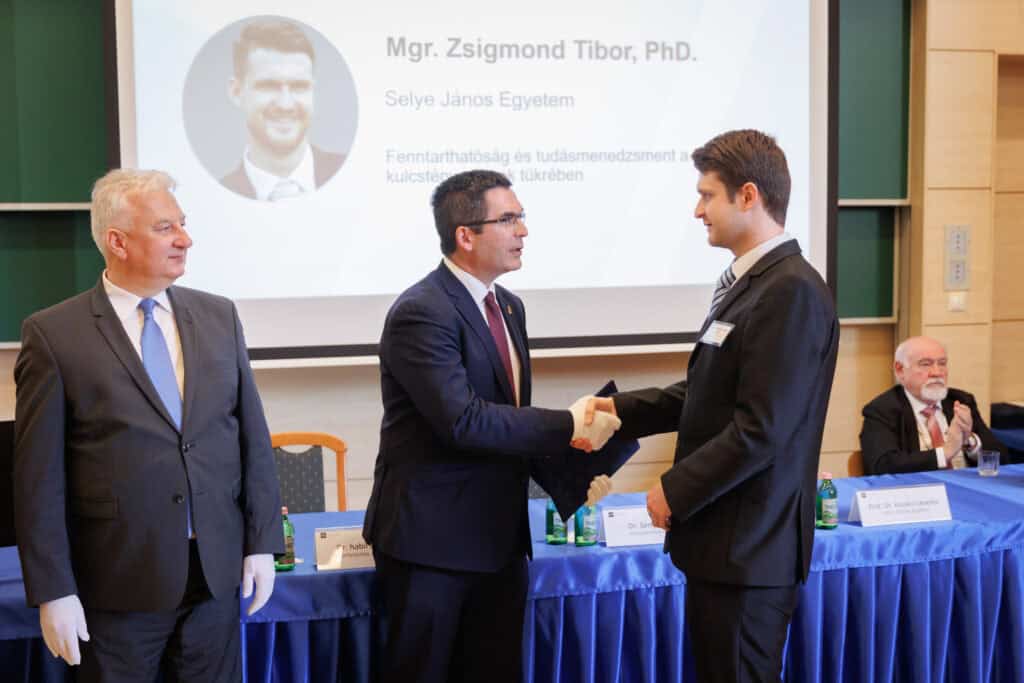 Átfogó tananyagfejlesztés indul a Kárpát-medencei Online Oktatási Centrum platformján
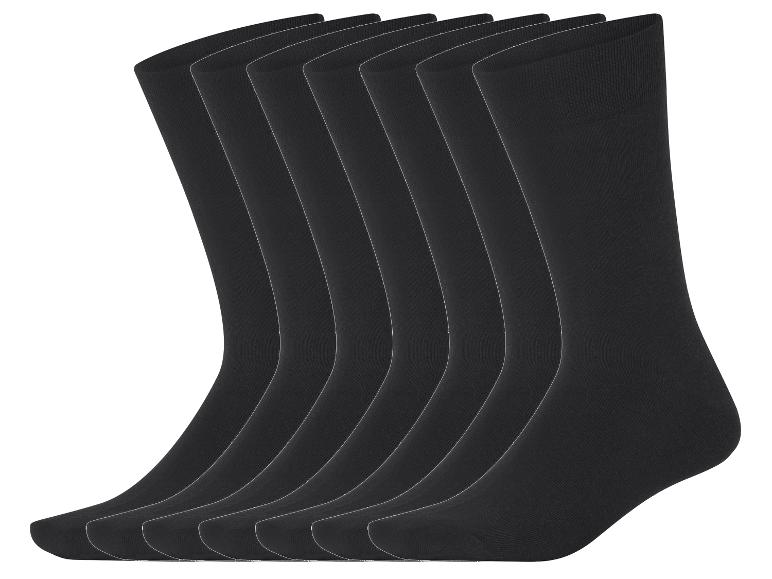 Sechs Paar schwarze Socken, hintereinander gestapelt.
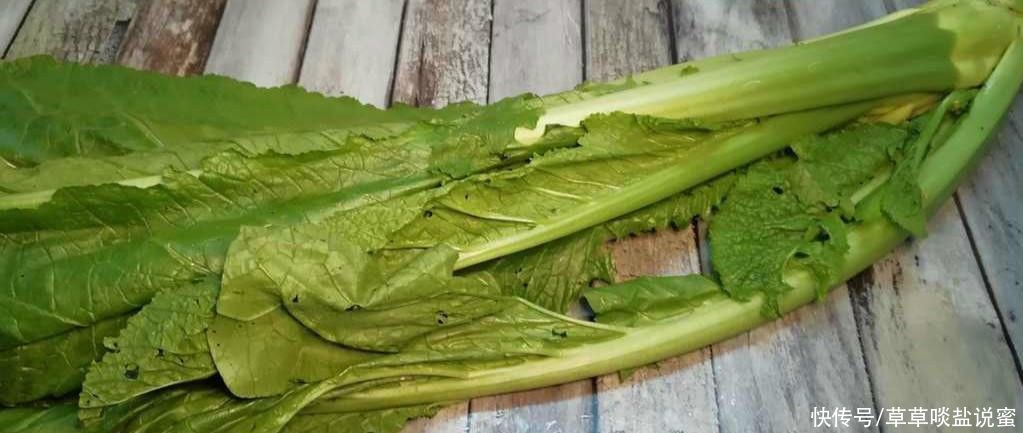  好吃|越是寒冷，芥菜越好吃，芥菜炒饭，冬季应时美味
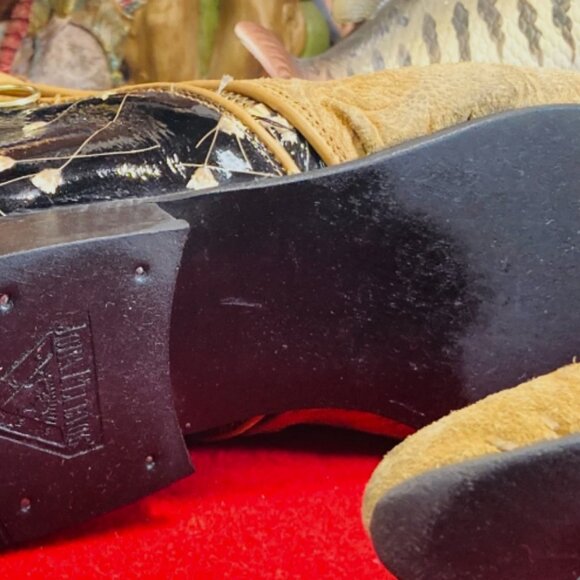 JOHN FLUEVOG SUEDE CHUKKA BOOTS -SIZE 11 - Picture 6 of 7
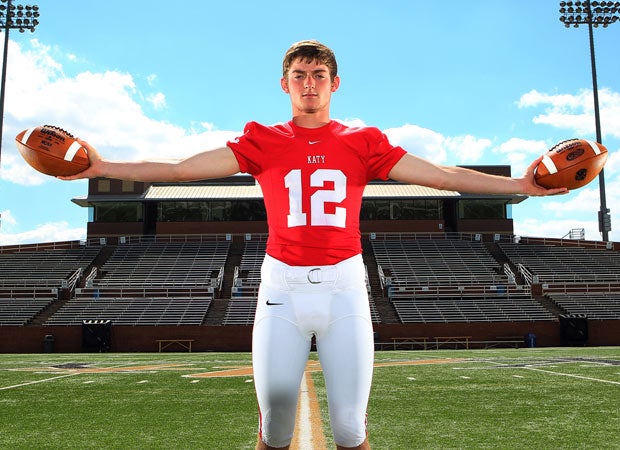 Quarterback Garrett Doiron
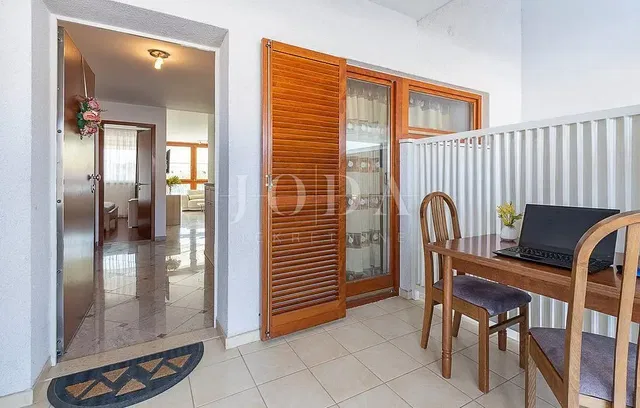 Other; tile floor, natural light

#### WORK ORDER
When a record holds a picture, leave that picture out; copy the rest verbatim.

#### WRITTEN ANSWER
 Átfogó tananyagfejlesztés indul a Kárpát-medencei Online Oktatási Centrum platformján
 Sechs Paar schwarze Socken, hintereinander gestapelt.
  好吃|越是寒冷，芥菜越好吃，芥菜炒饭，冬季应时美味
 JOHN FLUEVOG SUEDE CHUKKA BOOTS -SIZE 11 - Picture 6 of 7
 Quarterback Garrett Doiron
 Other; tile floor, natural light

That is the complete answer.